Ellen Vandyck
Responsable de la recherche
Les personnes dont la douleur dure depuis plus de six mois présentent souvent les caractéristiques d'une sensibilisation centrale où aucun processus nociceptif n'est présent mais où l'on trouve davantage de caractéristiques de la douleur no-disciplinaire. Auparavant, il s'est avéré qu'environ un patient sur quatre souffrant de douleurs musculo-squelettiques à l'épaule présentait des caractéristiques de sensibilisation. (Previtali et al. 2021) Souvent, ces personnes résistent aux soins habituels, bien qu'elles aient essayé d'autres stratégies de traitement efficaces. Imagerie motrice graduée Il a été démontré que activer les zones du cerveau liées à l'exécution des mouvements.

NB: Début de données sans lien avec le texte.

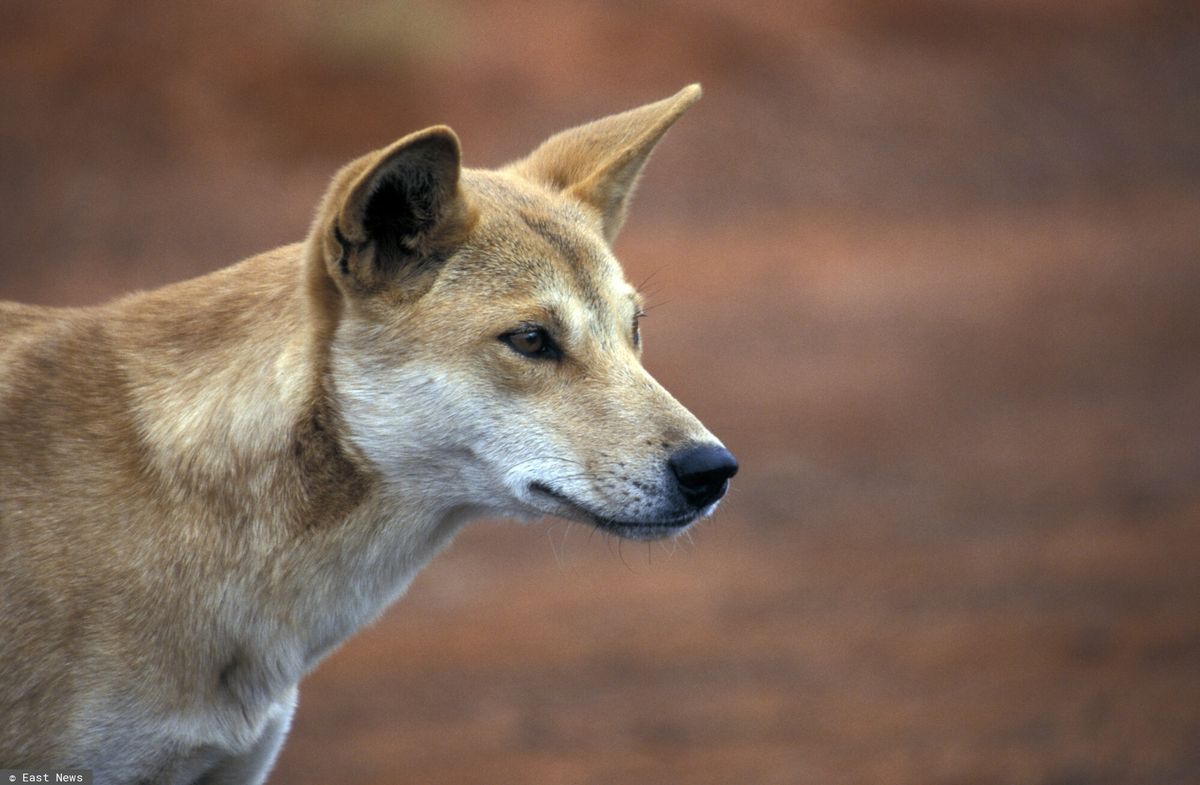 Dingo australijski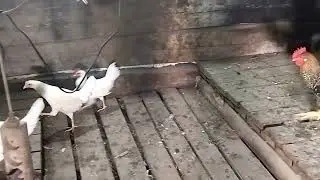 Декабл и Леггорн как отличить! вот в чëм вопрос.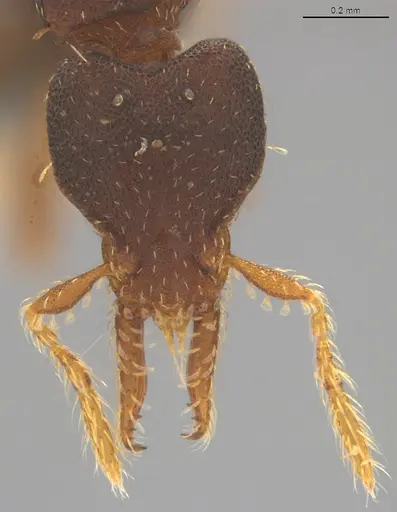 Strumigenys trieces - CASENT4036171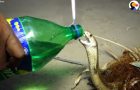 Cobra Drinks Water From A Bottle During The Rescue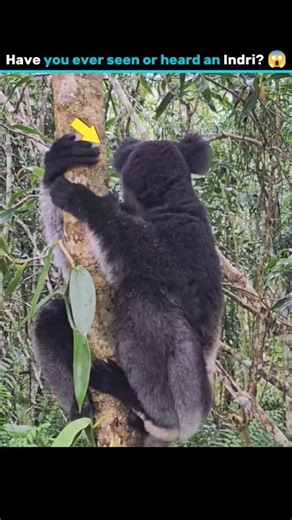 Have you ever seen or heard an Indri?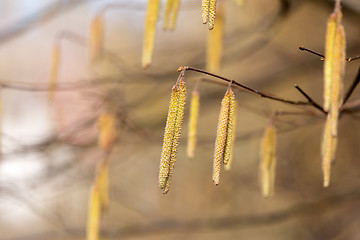 Image showing Spring natural background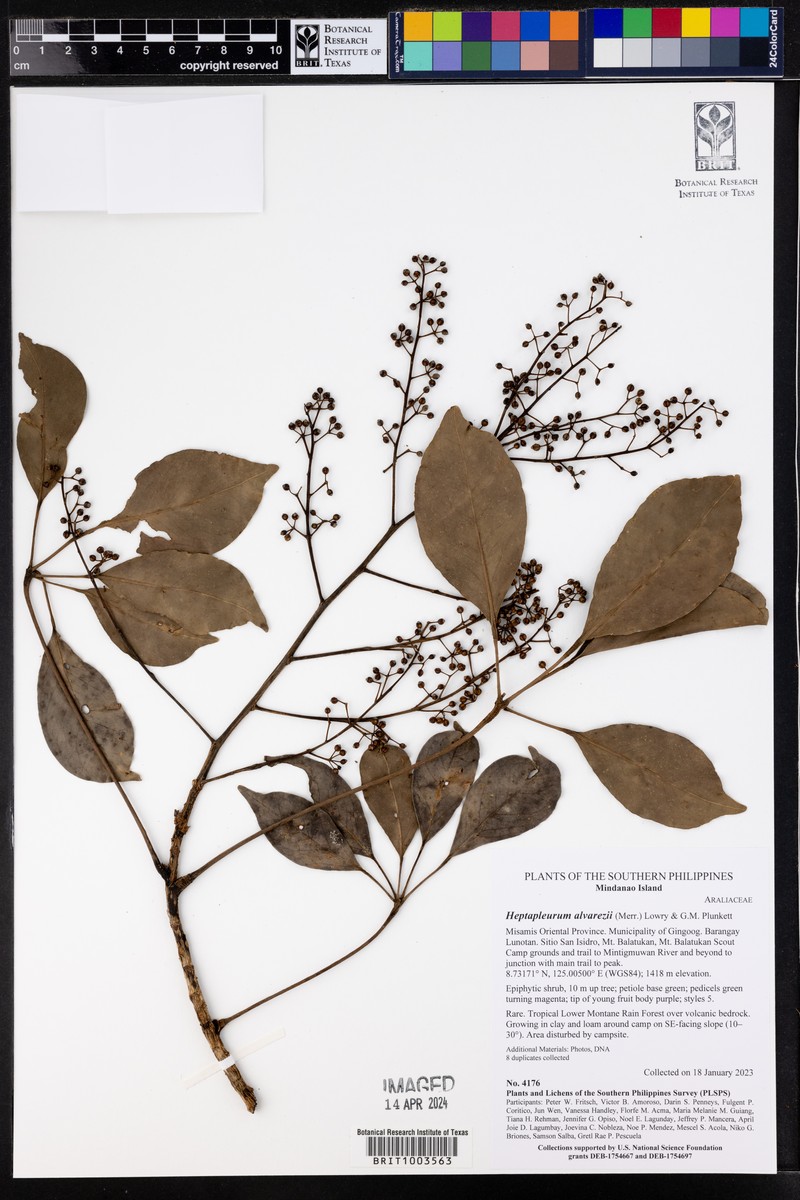 Heptapleurum alvarezii photo 4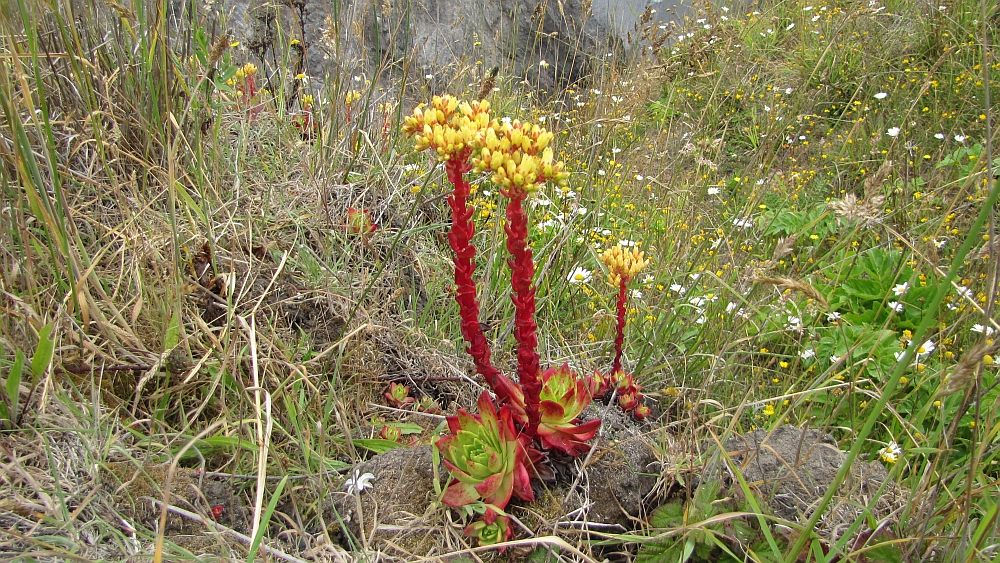 unbekannte Blumen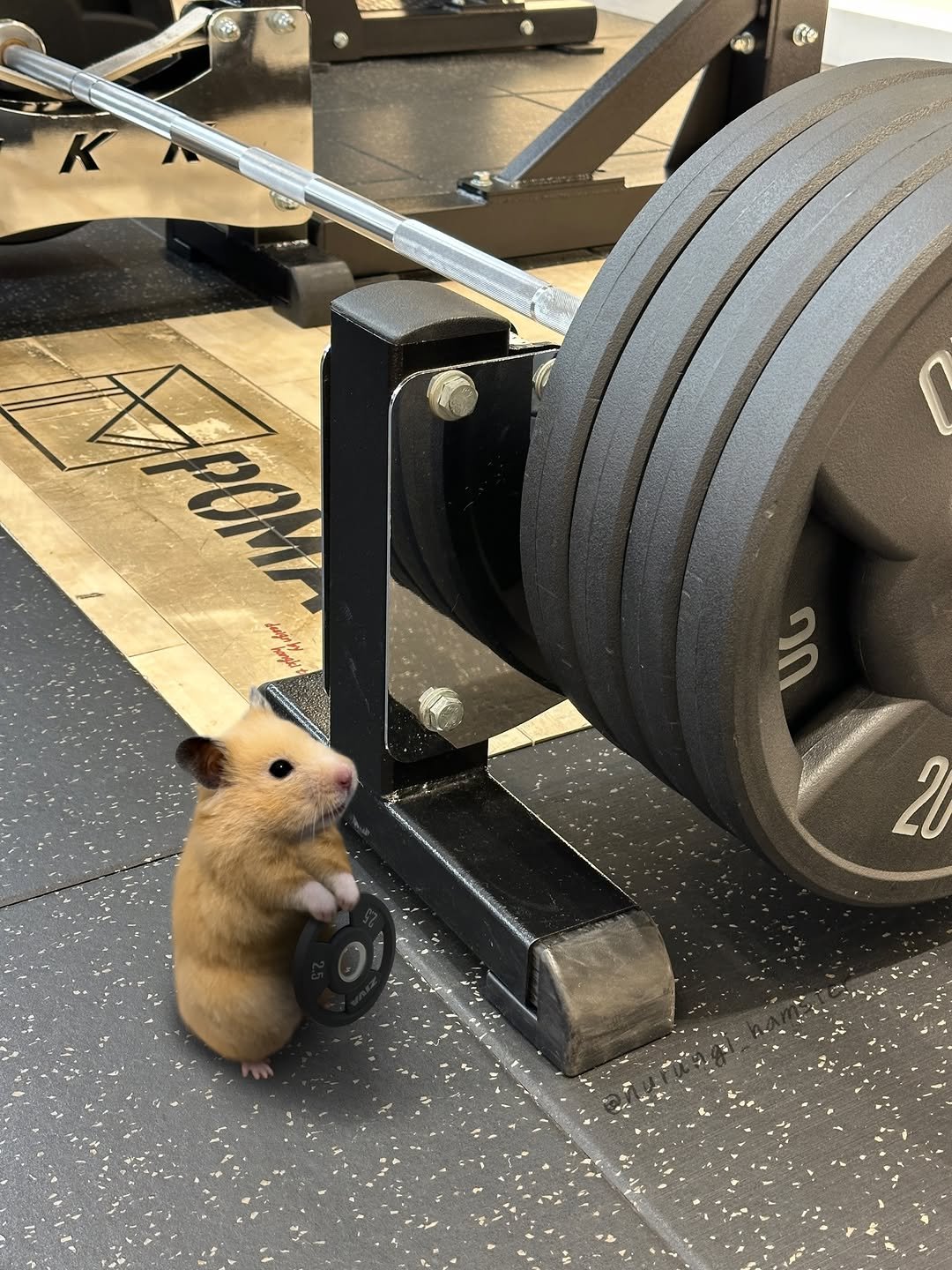 nurungi_hamster 게시물 이미지: Can I become strong too?

#hamster #gym...
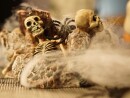 EUROPALMS Halloween Spider Web White 50g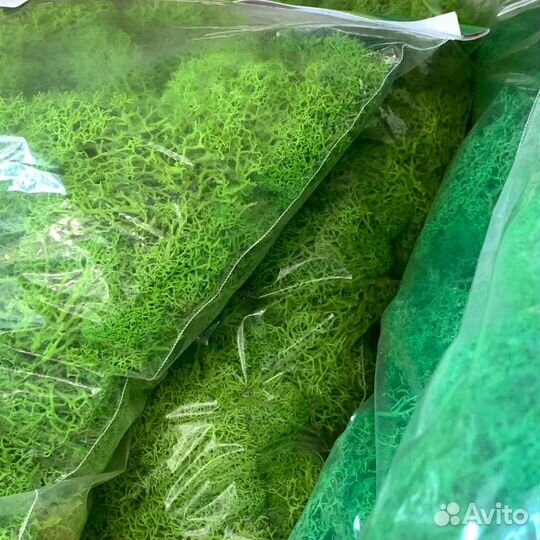 Стабилизированный мох ягель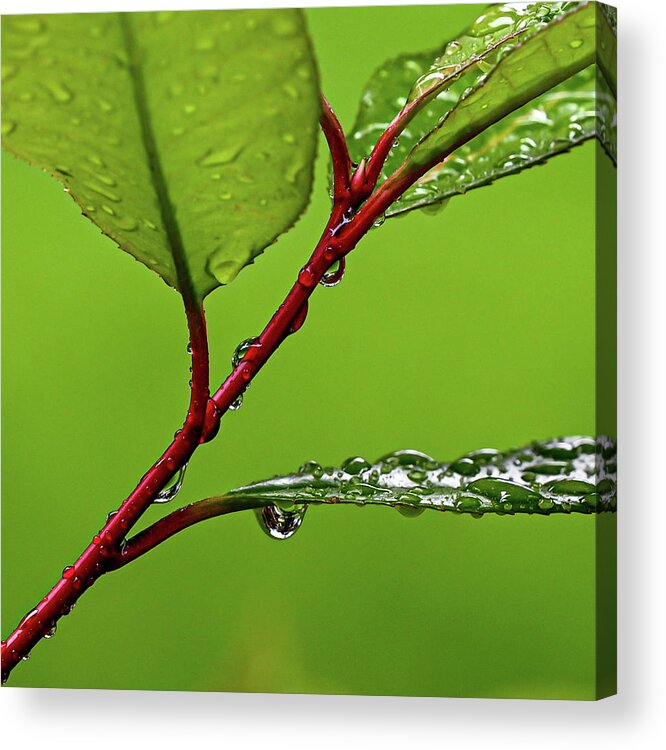 Spring Acrylic Print featuring the photograph Spring Rain by Kevin Suttlehan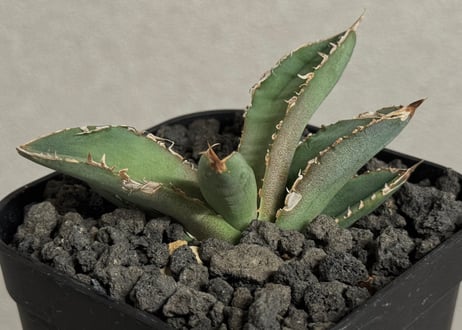 アガベ・チタノタ 繁星（芽）-068｜agave titanota star‐studded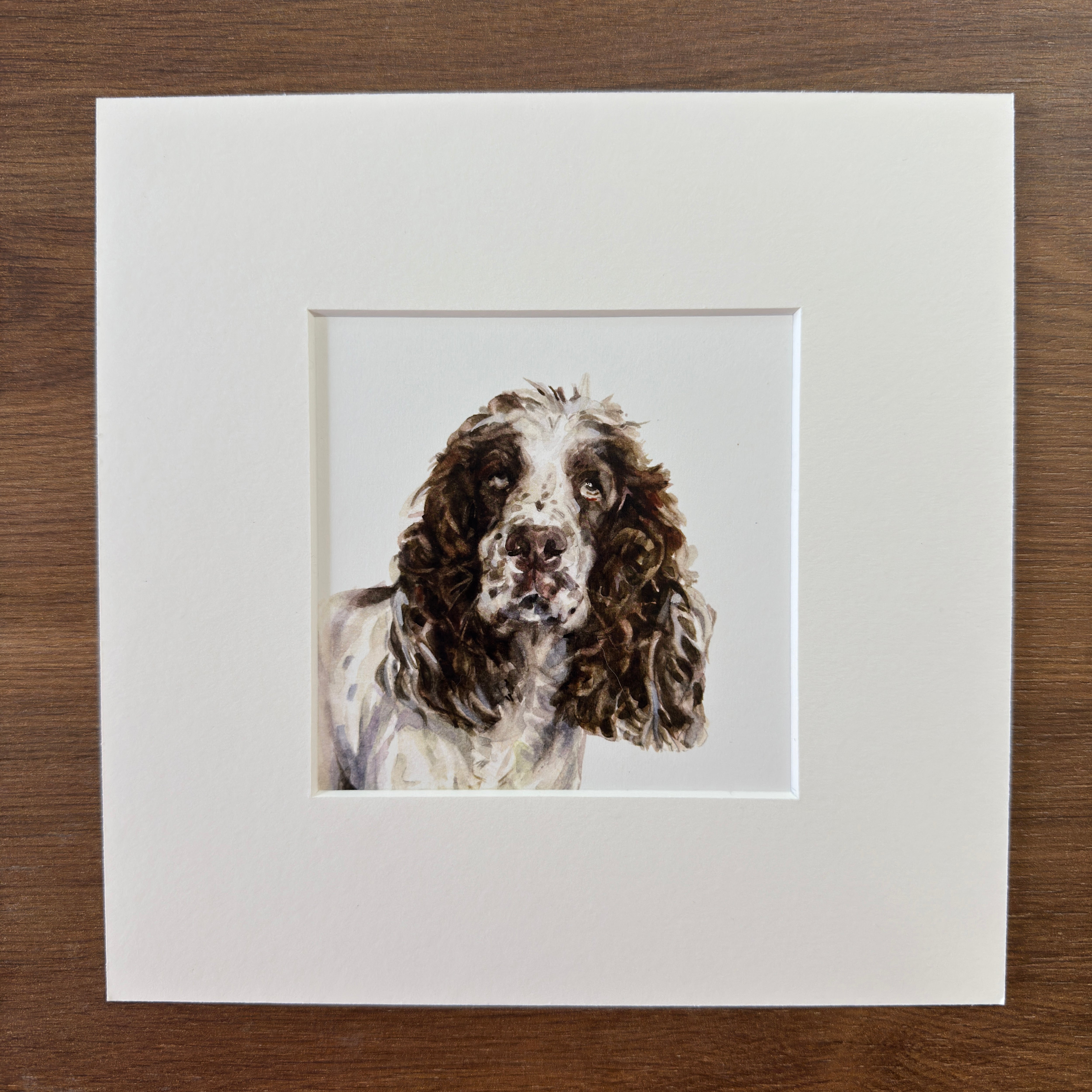 Springer Spaniel - Square Mini Print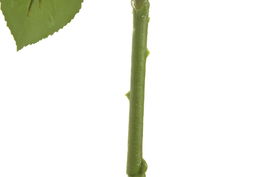 DKD Home Decor Flor Rojo 15 x 66 x 15 cm (12 Unidades) Tacto Real Seda PE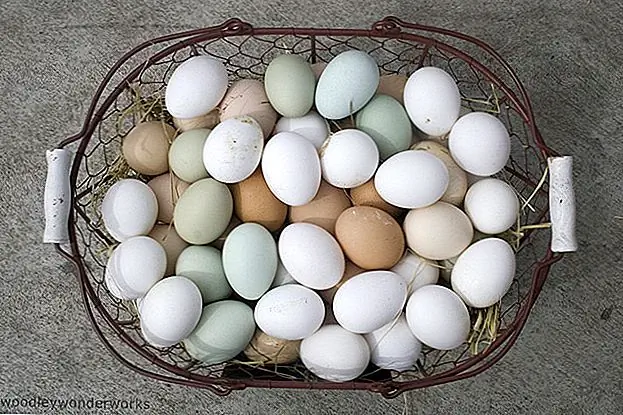 Яичное земледелие: извините, чтобы поднять цыплят на заднем дворе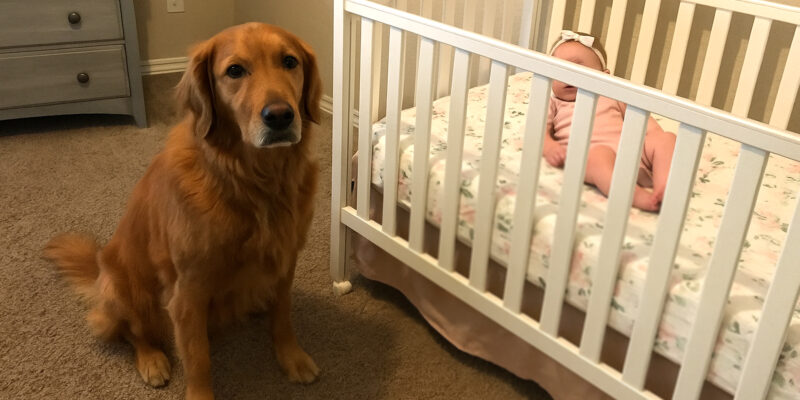 Majdnem eladtuk golden retrieverünket, mert ugatott a dadusra – De aztán megnéztem a kamera felvételeket, és megdöbbentettek...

En utilisant les mêmes voies neuronales du mouvement réel, l'activation de ces régions cérébrales peut permettre d'activer des schémas d'activation centrale spécifiques au mouvement sans réellement provoquer de douleur. Comme des études antérieures ont montré des résultats prometteurs concernant l'utilité de l'imagerie motrice graduée, mais surtout à court terme, l'étude actuelle porte sur les résultats à moyen et à long terme.
Cette étude a mis en place une intervention pré-post en groupe unique incluant des personnes de plus de 60 ans affectées par au moins 6 mois de douleurs à l'épaule secondaires à une tendinopathie et/ou une rupture partielle de la coiffe des rotateurs. Les candidats éligibles ont été recrutés dans le service de physiothérapie d'une clinique privée au Chili. Un chirurgien orthopédique a participé à l'établissement du diagnostic.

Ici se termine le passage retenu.